Warm Fridges And Rotten Meat: Blackouts In Tajikistan Disrupt Lives, Damage Businesses


Malohatkhon Saidmurodova recently bought 3 kilograms of beef on her way home from work at a rural hospital in Tajikistan’s northern Sughd Province.

“I put a good-size portion of it in the fridge for the Sunday dinner and stored the rest in the freezer,” Saidmurodova said. “When I came home from work the next day, I found out the electricity had been out all day and the meat had gone bad.”

The 275 somonis ($25) Saidmurodova paid for the meat — a rare luxury for many Tajiks — at her local butcher shop is roughly one-third of the hospital cleaner’s September salary, which includes extra pay for working several overnight shifts.

“That meat was supposed to last my family all of October,” she said on September 29. “The blackout came with no warning [from the authorities]. Had I known this, I’d have fried the meat so it wouldn’t go bad. It’s a big deal for us. It means we don’t eat meat until I get my next paycheck.”

There have been reports of sporadic blackouts in recent days in different parts of Tajikistan, including the Sughd and southern Khatlon provinces, as well as several districts in the suburbs of the capital, Dushanbe.

Amid people’s angry complaints, state electricity company Barqi Tojik said in a statement on September 28 that maintenance work had caused the blackouts in some areas. But the authorities did not say how long the alleged repair work was going to last or exactly what areas it would affect and when.

The upstream Central Asian country is home to some of the world’s largest hydropower plants, including the partially operational Roghun plant. Tajikistan is ranked eighth in the world in hydropower potential with an estimated 527 terawatt-hours, according to the International Energy Agency. But currently only 4 percent of that potential is exploited.

People in poverty-stricken Tajikistan are used to crippling electricity rationing during the winter, when most of the country has electricity for about 10 hours a day. Officials often blame the rationing on decreased water levels in dam reservoirs.

Many Tajiks complain these much earlier power cuts — which come with no warning and with no known end in sight — seriously disrupt their lives and cripple their businesses.

Saidnazar Aliev owns a liquid gas station along the Dushanbe-Shohambari highway that runs west of the capital.

He says he had to use a fuel-powered generator to keep his business running when the electricity went off on September 26. The generator uses up to 15 liters of fuel in 24 hours, according to Aliev, adding to the costs of the small business. Aliev doesn’t know how to plan ahead, as the authorities don’t say when the blackout will end.

“Yesterday there was no electricity between 10 p.m. and 5 a.m.,” Aliev said on September 27. “The power was cut off again at around 10 a.m. today. It hasn’t been restored yet.”

In the nearby village of Tirgaron, the head of the local neighborhood committee, Hojikholboi Ibrohimov, said that the blackouts were negatively “affecting everybody, making life difficult for the young and old alike.”

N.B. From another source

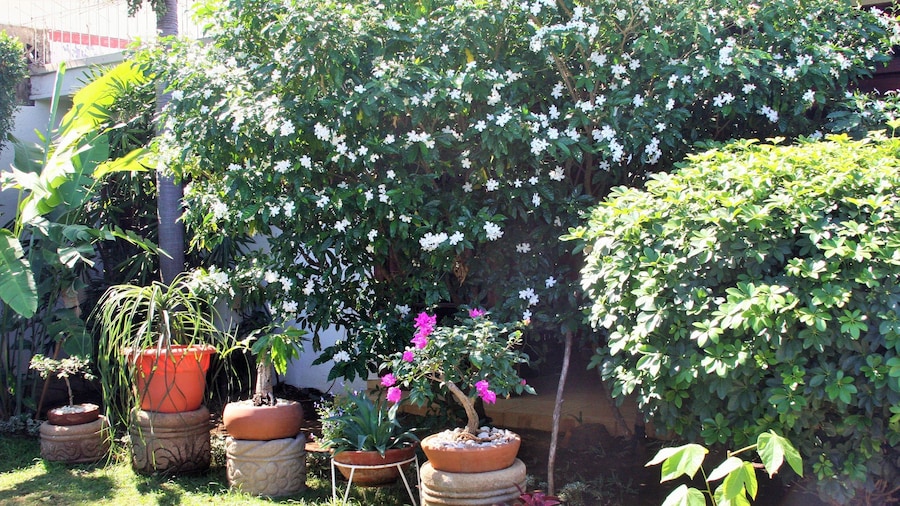 La Posada del Arcangel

“What else do we have in this country? Take away electricity too and we will be left like our limbs are cut off,” he said.

In Vorukh, a rural settlement in the northern district of Isfara, several villagers claim that local officials use electricity as leverage to put pressure on residents ahead of the autumn military call-up. Most Tajiks try to avoid the conscript service, notorious for its hazing.

“[In early September], officials demanded that conscript-age men and their parents sign statements that they will report to the district enlistment office on October 1,” said a Vorukh resident who gave only his first name, Mudarris.

“Some parents refused to sign such statements and electricity was cut off in their neighborhoods as a result,” he added.

“I am all for our young men serving in the national army. It’s their duty. But why punish us with a blackout,” an elderly resident named Amriboi said. “I don’t have a conscript-age son. They cut off electricity in our neighborhood. Everything in my fridge has gone bad.”

But Zubaidullo Shomadov, a spokesman for the Isfara district government, told RFE/RL that the villagers’ claim was “baseless.” The young men of Vorukh “have voluntarily been signing up for military service,” he said.

Tajikistan expected the electricity shortages to end once and for all after the giant Roghun hydropower plant became partially operational and started producing electricity in 2018.

Once fully completed, the Roghun plant is expected to double Tajikistan’s electricity-production capacity to 3,600 megawatts, the equivalent of three nuclear power plants. Tajikistan has several other hydropower plants, including Norak and Sangtuda.